§ **Exercise**: All pictures are to be skipped; retype only the lines from the top of the entries through the line with "This is the", both included.

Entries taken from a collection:
↓↓↓
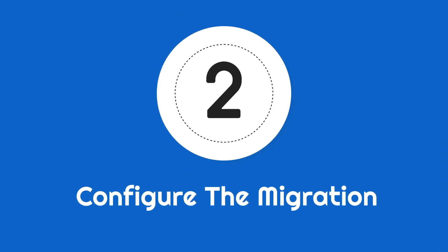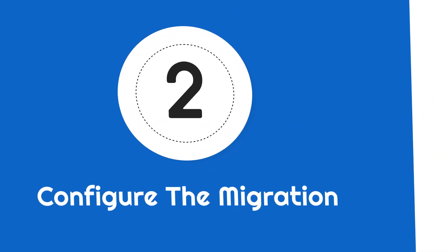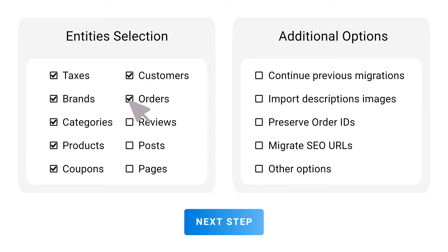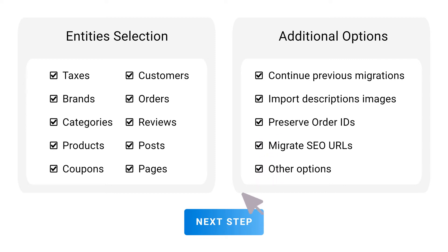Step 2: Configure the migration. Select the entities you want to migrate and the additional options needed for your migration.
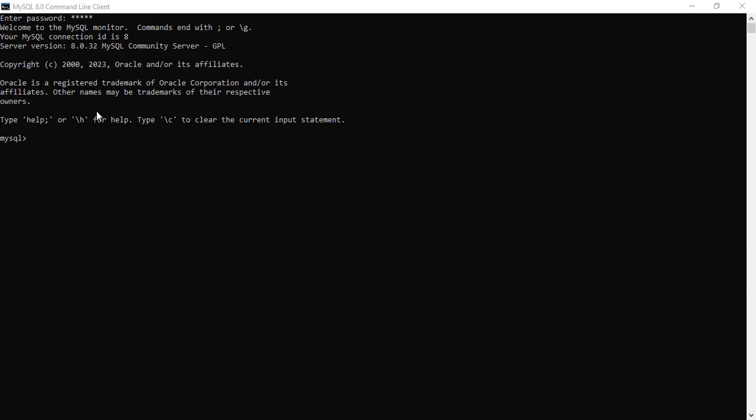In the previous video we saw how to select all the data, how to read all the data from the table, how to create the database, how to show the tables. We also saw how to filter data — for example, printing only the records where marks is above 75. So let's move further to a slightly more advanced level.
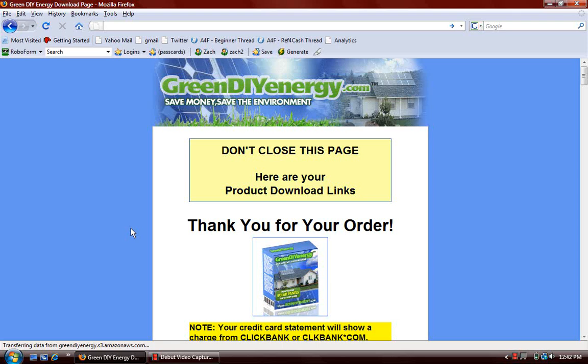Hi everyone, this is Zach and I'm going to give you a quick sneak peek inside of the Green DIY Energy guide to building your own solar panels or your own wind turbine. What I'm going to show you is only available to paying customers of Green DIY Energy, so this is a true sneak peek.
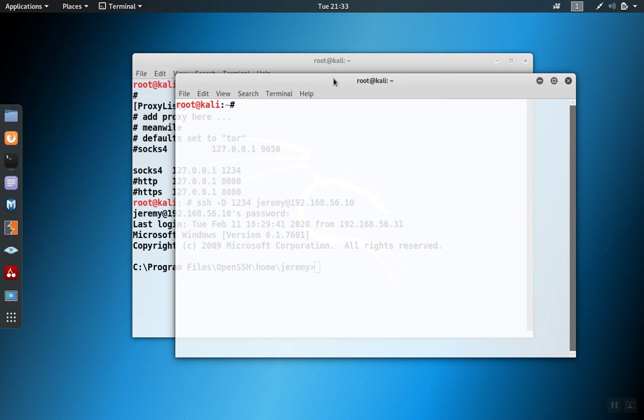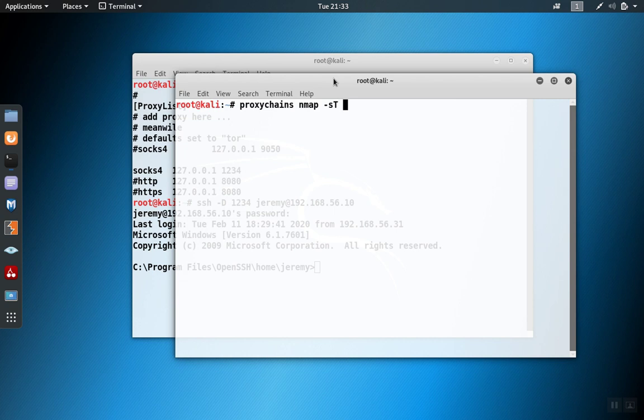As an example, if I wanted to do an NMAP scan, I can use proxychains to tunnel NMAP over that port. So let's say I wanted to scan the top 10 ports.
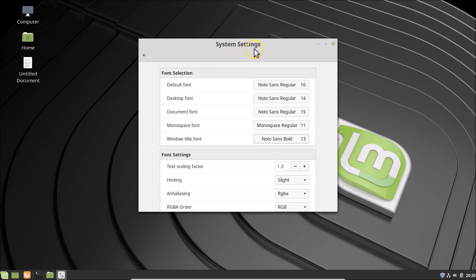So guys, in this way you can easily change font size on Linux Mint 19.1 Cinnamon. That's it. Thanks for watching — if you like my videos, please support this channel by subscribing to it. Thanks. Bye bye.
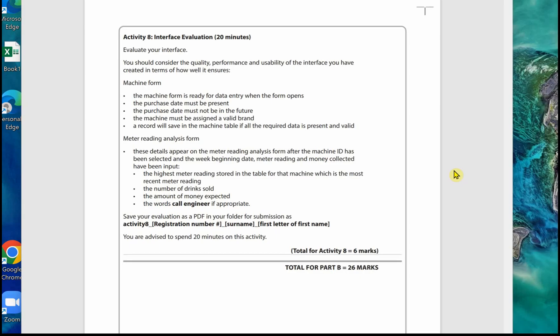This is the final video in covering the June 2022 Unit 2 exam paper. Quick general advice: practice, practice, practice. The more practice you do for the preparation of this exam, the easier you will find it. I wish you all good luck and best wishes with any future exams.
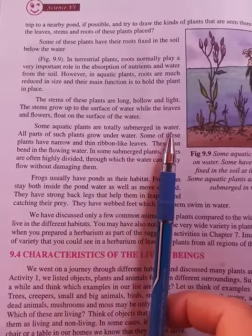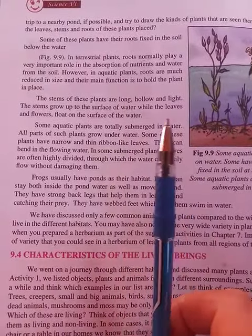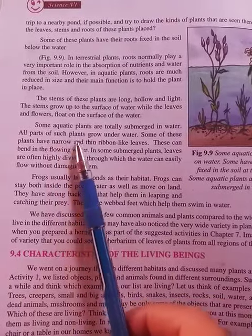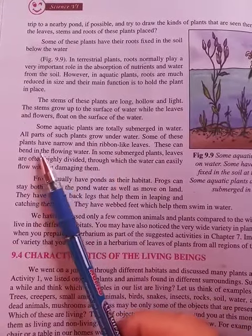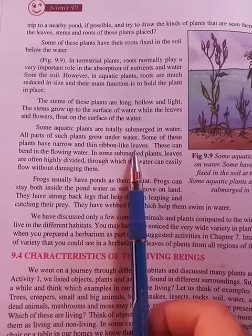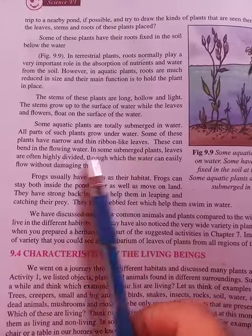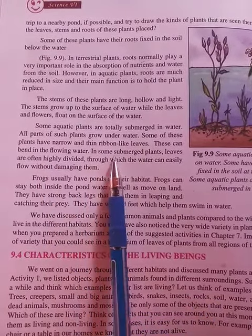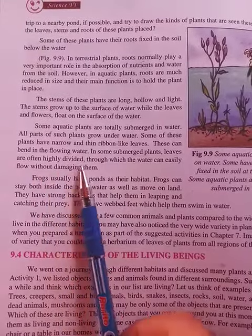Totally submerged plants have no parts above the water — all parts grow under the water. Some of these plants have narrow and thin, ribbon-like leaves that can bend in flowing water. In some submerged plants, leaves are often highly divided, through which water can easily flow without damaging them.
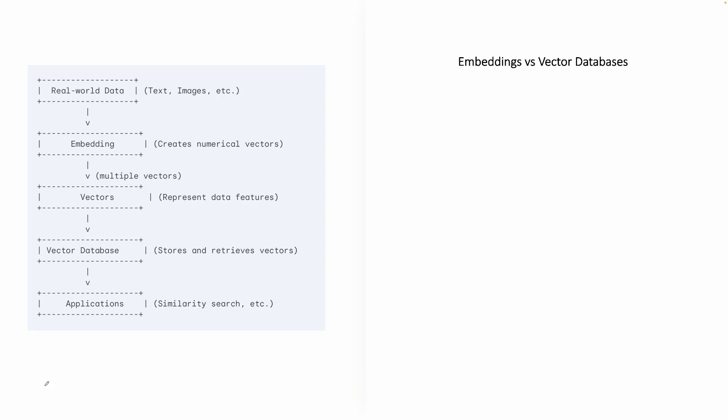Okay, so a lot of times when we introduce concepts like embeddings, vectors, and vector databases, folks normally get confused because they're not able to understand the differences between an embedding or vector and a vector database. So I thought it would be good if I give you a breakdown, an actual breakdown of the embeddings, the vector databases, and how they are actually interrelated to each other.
↑↑↑
§ **Result**:
Step 2: Configure the migration. Select the entities you want to migrate and the additional options needed for your migration.
In the previous video we saw how to select all the data, how to read all the data from the table, how to create the database, how to show the tables. We also saw how to filter data — for example, printing only the records where marks is above 75. So let's move further to a slightly more advanced level.
Hi everyone, this is Zach and I'm going to give you a quick sneak peek inside of the Green DIY Energy guide to building your own solar panels or your own wind turbine. What I'm going to show you is only available to paying customers of Green DIY Energy, so this is a true sneak peek.
As an example, if I wanted to do an NMAP scan, I can use proxychains to tunnel NMAP over that port. So let's say I wanted to scan the top 10 ports.
So guys, in this way you can easily change font size on Linux Mint 19.1 Cinnamon. That's it. Thanks for watching — if you like my videos, please support this channel by subscribing to it. Thanks. Bye bye.
This is the final video in covering the June 2022 Unit 2 exam paper. Quick general advice: practice, practice, practice. The more practice you do for the preparation of this exam, the easier you will find it. I wish you all good luck and best wishes with any future exams.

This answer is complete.